(Stored records)

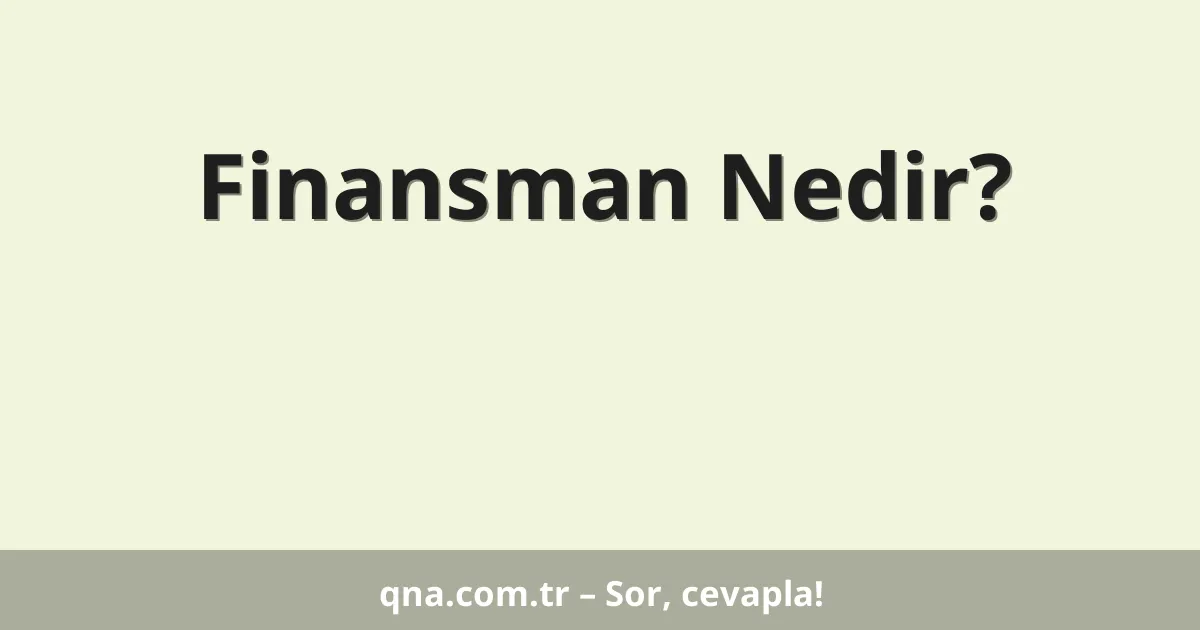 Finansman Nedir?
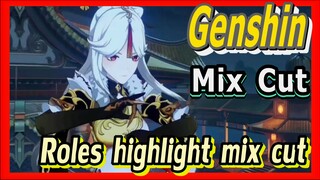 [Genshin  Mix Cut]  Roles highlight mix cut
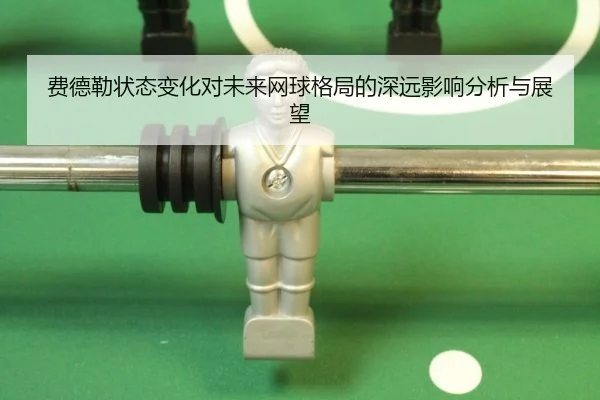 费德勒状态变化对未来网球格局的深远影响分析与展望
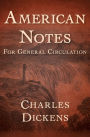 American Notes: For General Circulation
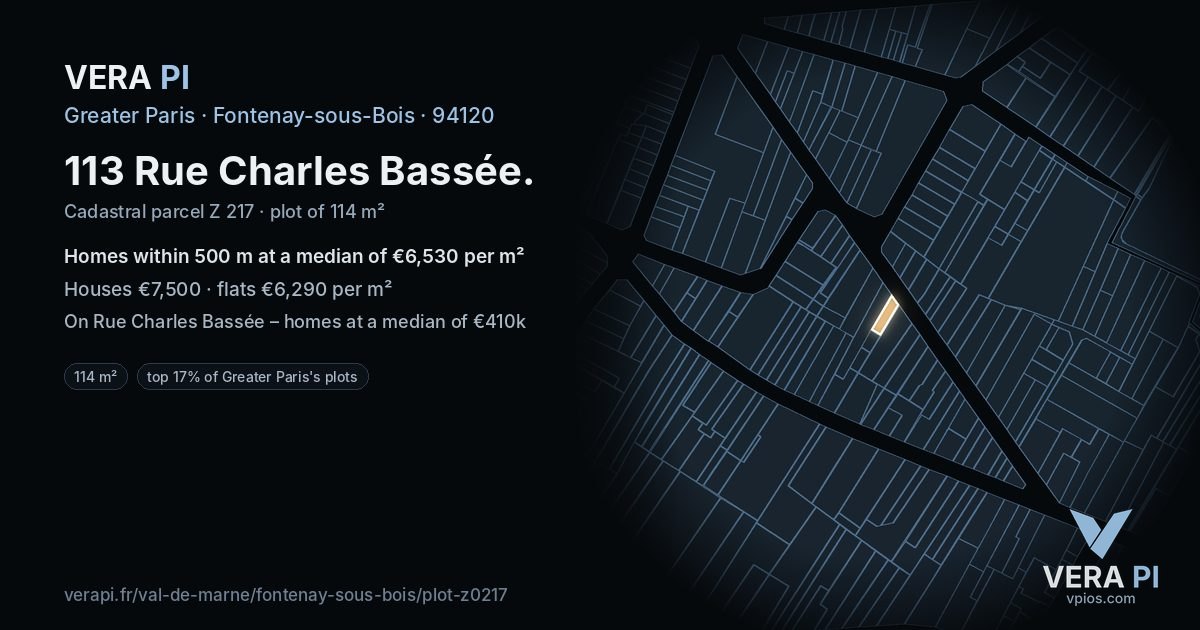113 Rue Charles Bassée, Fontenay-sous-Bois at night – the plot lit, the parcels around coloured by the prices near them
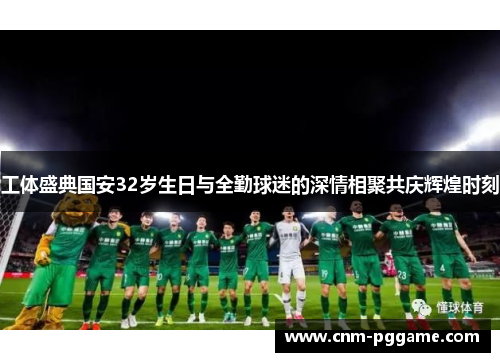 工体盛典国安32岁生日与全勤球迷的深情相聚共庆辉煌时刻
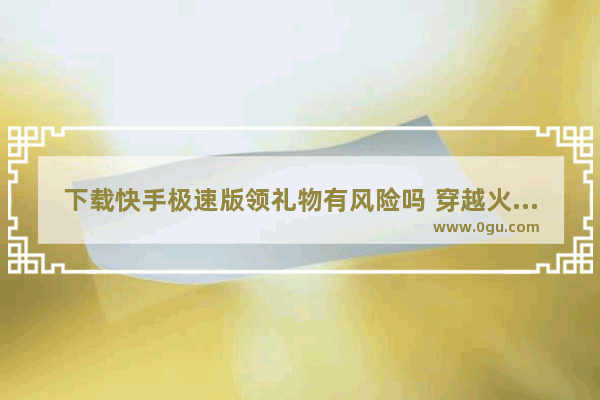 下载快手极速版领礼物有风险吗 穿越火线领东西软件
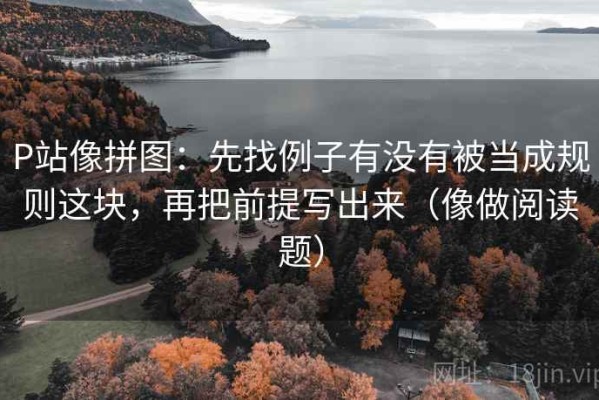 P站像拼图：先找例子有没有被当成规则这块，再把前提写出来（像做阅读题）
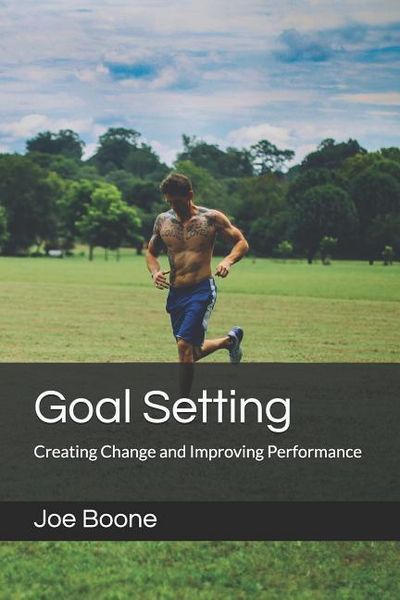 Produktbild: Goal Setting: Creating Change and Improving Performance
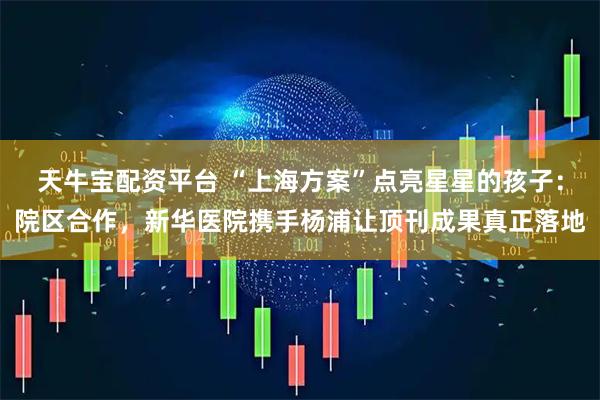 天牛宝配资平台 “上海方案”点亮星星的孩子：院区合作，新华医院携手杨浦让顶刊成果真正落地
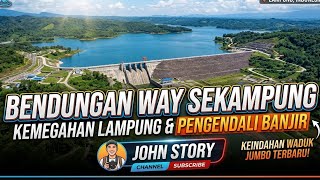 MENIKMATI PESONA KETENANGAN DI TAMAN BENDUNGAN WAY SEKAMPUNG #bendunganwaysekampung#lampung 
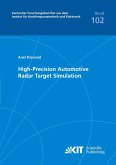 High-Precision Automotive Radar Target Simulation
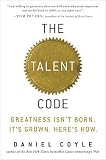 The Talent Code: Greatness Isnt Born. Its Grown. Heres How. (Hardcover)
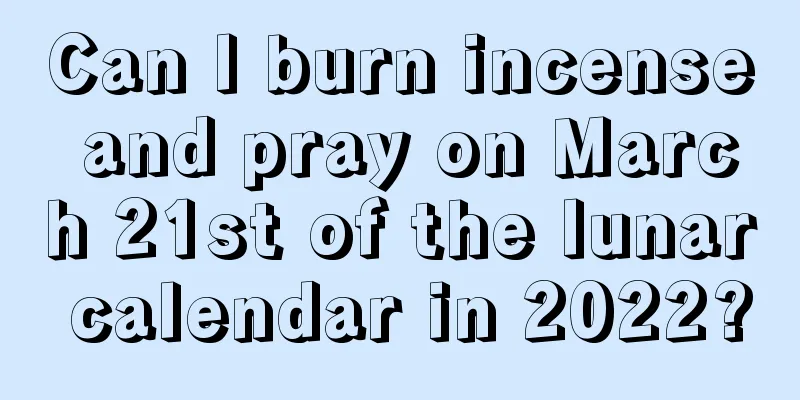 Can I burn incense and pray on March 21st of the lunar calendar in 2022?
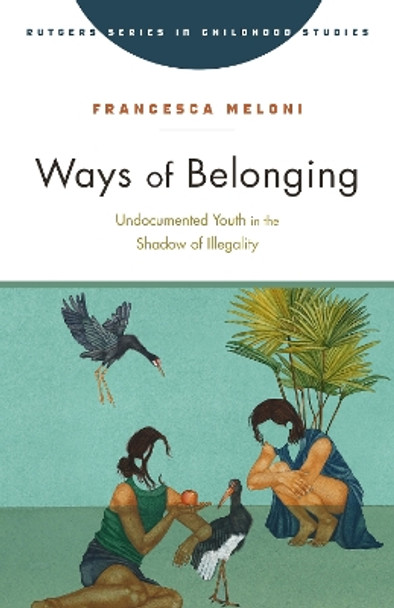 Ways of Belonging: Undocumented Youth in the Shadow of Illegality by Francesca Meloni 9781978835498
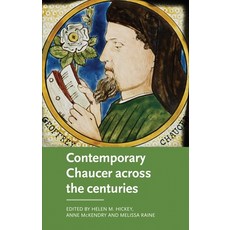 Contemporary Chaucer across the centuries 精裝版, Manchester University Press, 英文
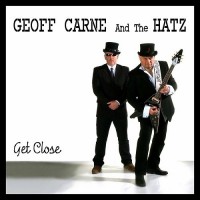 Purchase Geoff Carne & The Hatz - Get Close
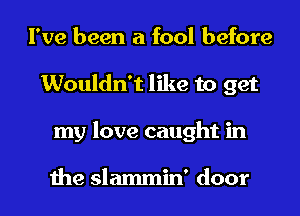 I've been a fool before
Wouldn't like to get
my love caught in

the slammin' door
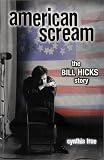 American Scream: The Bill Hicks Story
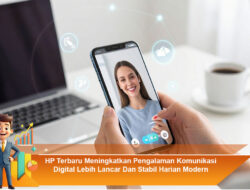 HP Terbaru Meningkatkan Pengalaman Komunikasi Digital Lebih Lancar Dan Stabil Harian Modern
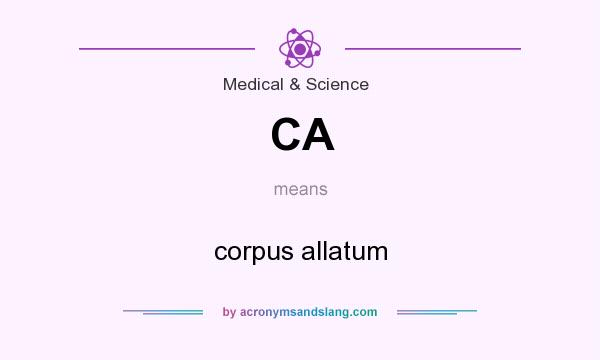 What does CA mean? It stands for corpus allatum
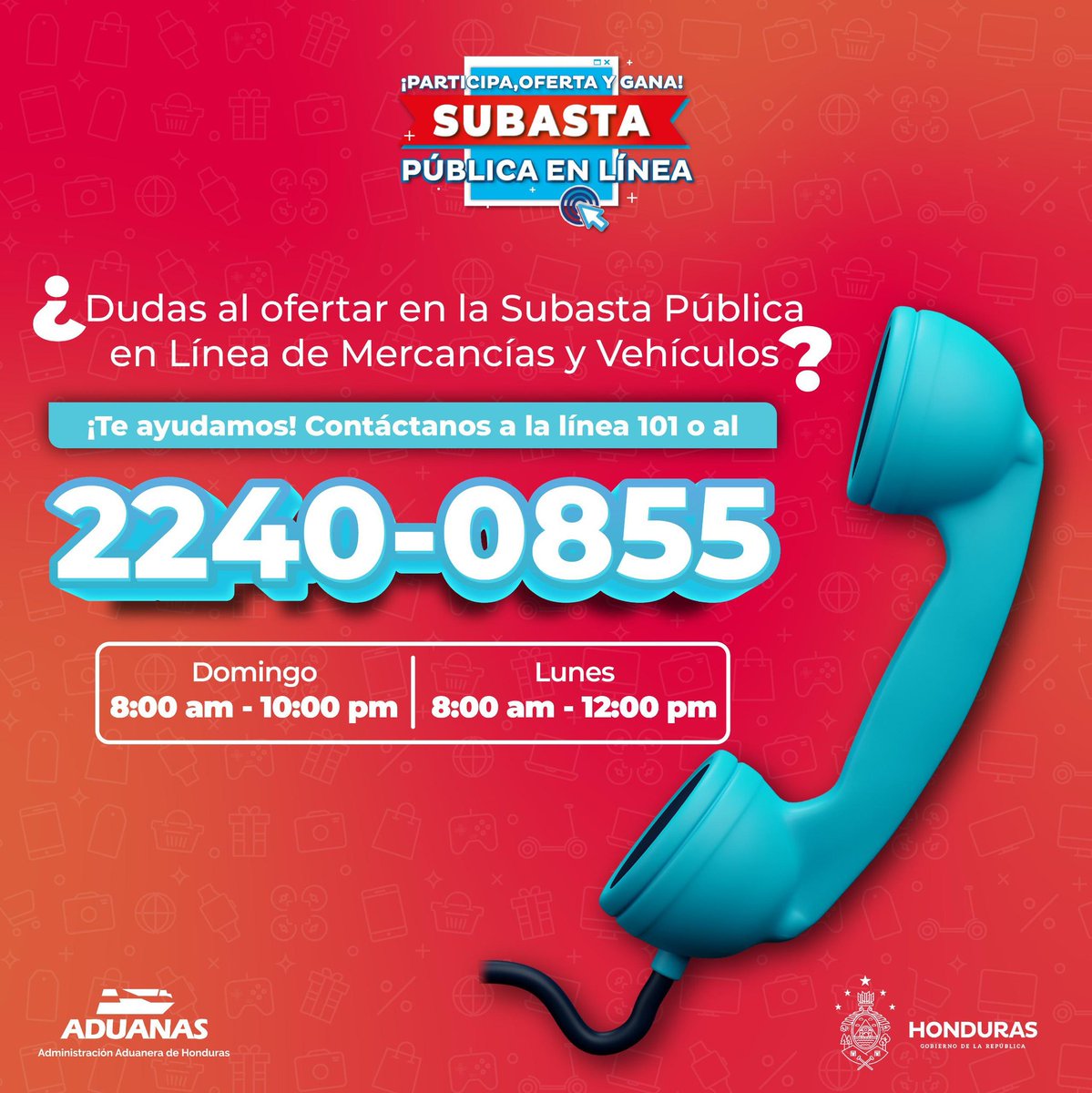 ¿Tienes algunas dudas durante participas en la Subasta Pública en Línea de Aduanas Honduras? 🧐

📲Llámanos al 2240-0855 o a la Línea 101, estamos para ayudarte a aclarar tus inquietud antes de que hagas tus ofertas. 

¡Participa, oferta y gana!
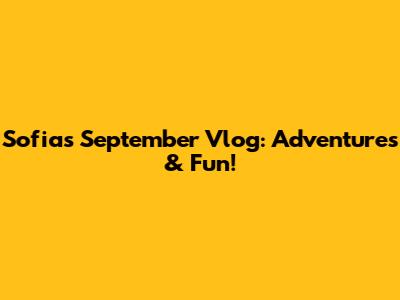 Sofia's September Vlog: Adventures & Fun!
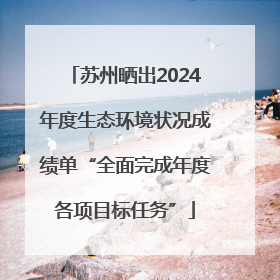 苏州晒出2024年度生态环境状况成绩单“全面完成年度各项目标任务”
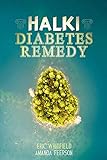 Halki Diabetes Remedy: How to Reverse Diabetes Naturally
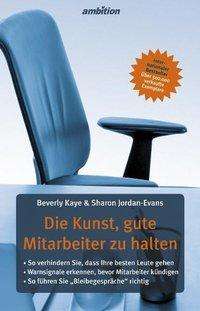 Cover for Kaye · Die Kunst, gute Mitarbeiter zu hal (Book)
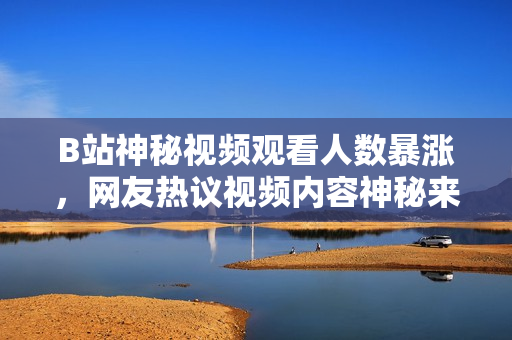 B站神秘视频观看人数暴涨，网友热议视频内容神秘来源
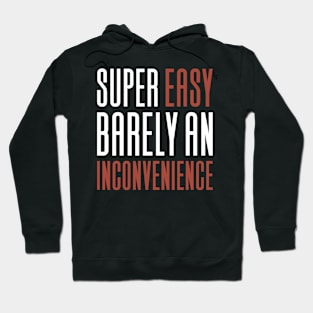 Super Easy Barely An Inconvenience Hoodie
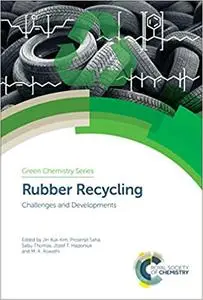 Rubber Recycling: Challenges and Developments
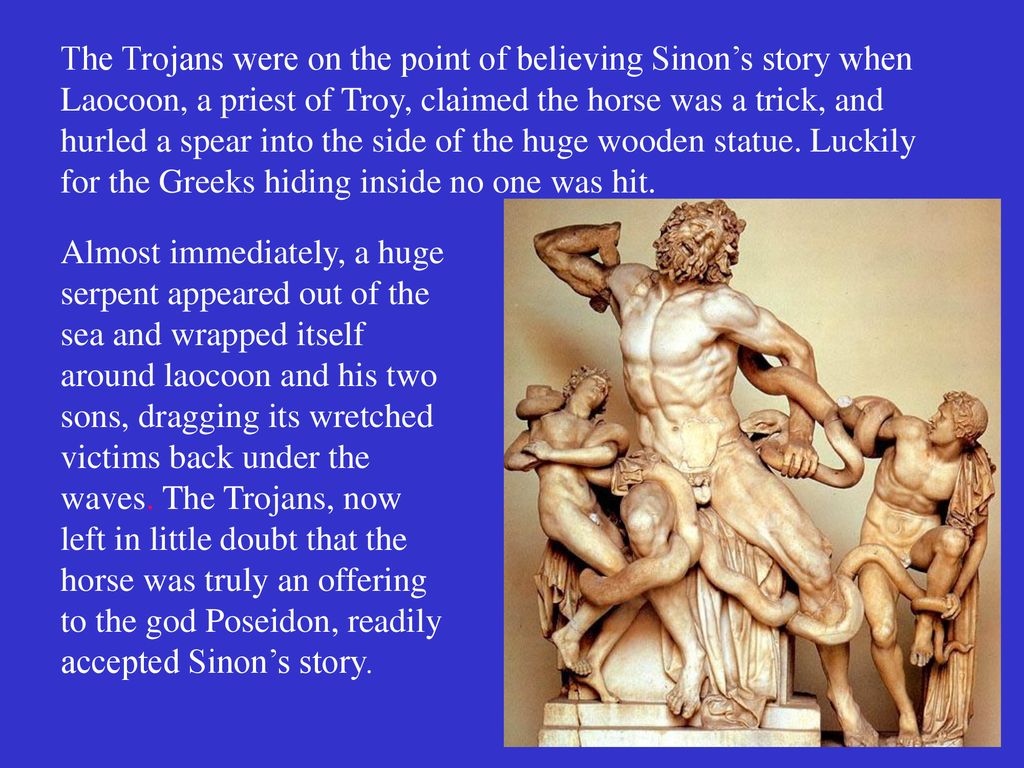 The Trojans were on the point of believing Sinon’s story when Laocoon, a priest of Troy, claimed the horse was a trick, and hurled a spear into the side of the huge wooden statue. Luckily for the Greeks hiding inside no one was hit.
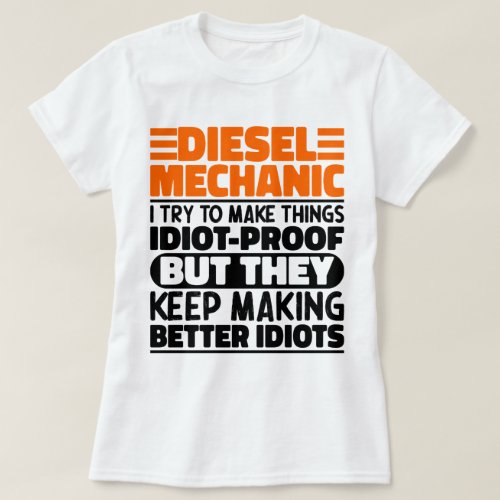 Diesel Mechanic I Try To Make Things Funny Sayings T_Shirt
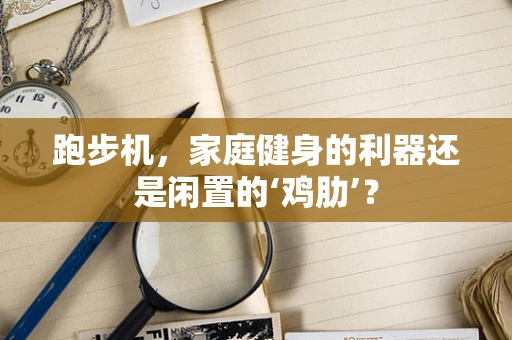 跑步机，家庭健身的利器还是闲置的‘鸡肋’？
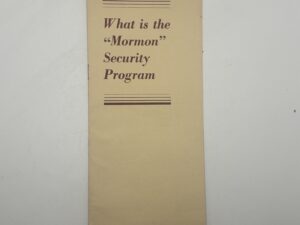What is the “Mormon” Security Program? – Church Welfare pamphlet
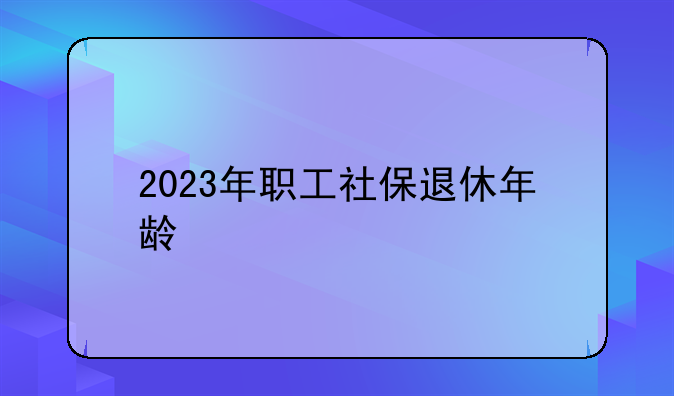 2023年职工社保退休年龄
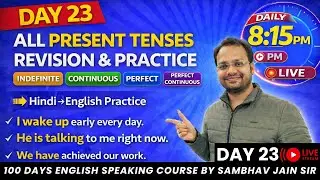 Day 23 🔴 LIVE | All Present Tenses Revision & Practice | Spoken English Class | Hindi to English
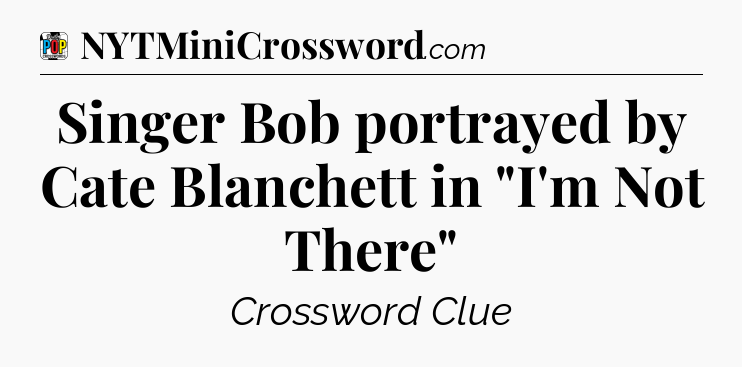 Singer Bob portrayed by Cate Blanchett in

## [TASK INSTRUCTIONS]
Please output, exactly and with no pictures, only the lines from the one containing "Day 23 🔴 LIVE" through the final line of the records above.

## [TASK RESPONSE]
 Day 23 🔴 LIVE | All Present Tenses Revision & Practice | Spoken English Class | Hindi to English
 Singer Bob portrayed by Cate Blanchett in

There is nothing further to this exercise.